(Brief descriptive captions)
:::
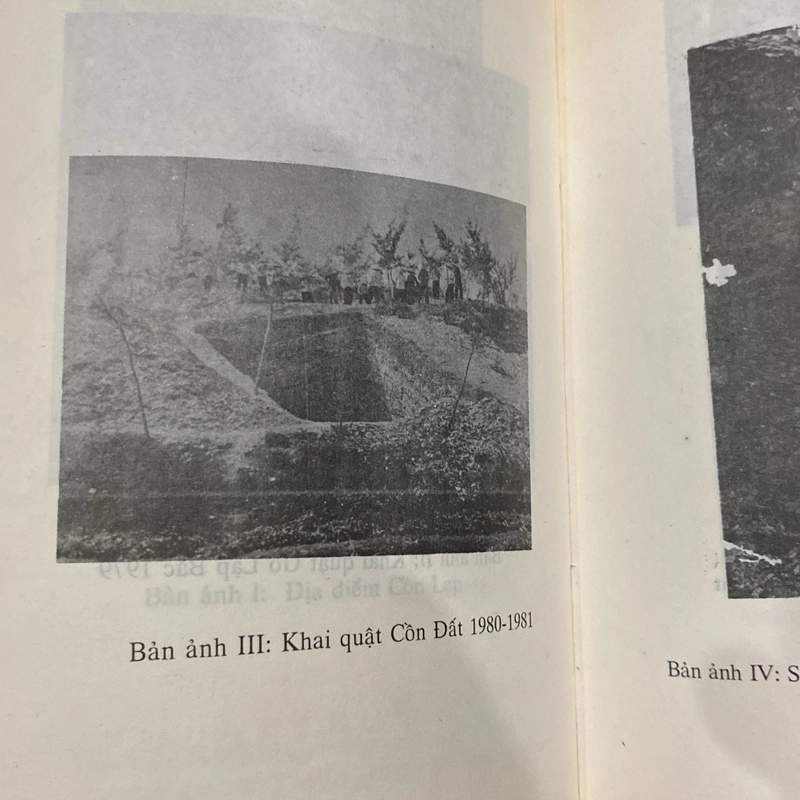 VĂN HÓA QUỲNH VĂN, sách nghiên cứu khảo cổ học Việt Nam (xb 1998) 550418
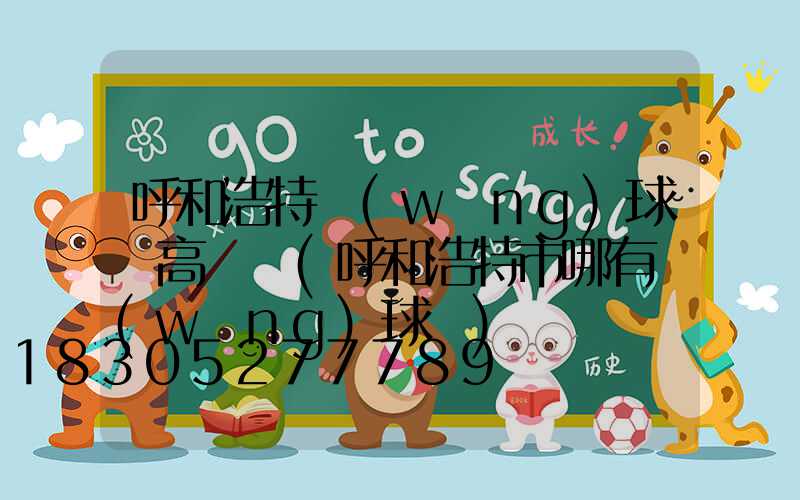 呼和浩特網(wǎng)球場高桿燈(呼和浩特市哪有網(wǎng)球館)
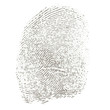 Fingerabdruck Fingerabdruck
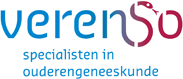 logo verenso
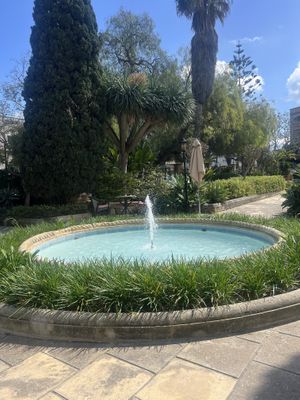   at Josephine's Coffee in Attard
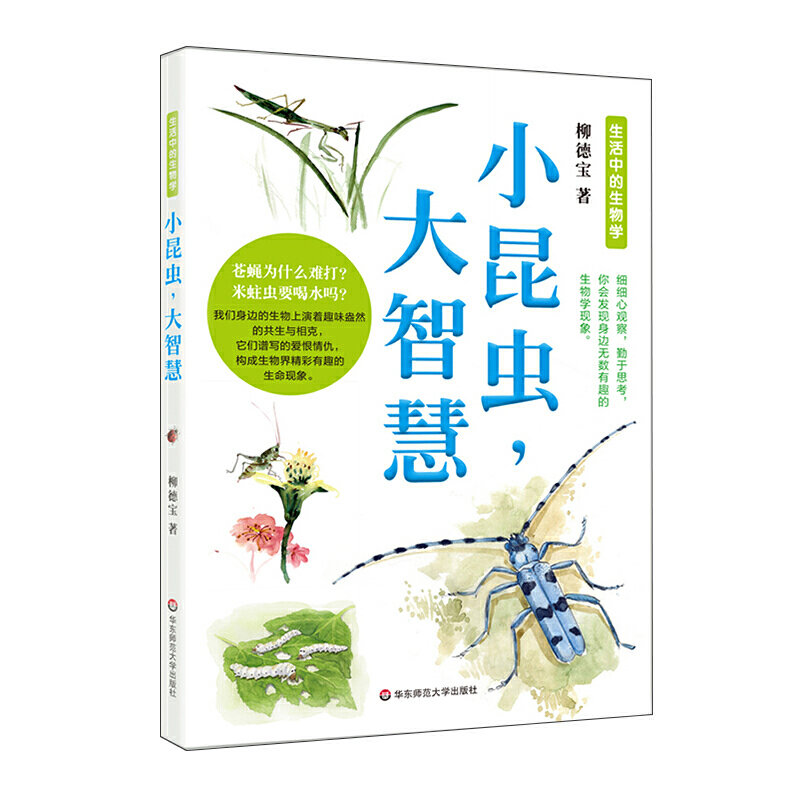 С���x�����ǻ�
:::
| Activity |
Reproduce, exactly and with no pictures, the lines from the line containing "logo verenso" through the closing line of the data above, keeping both ends.

| Response area |
 logo verenso
   at Josephine's Coffee in Attard
 С���x�����ǻ�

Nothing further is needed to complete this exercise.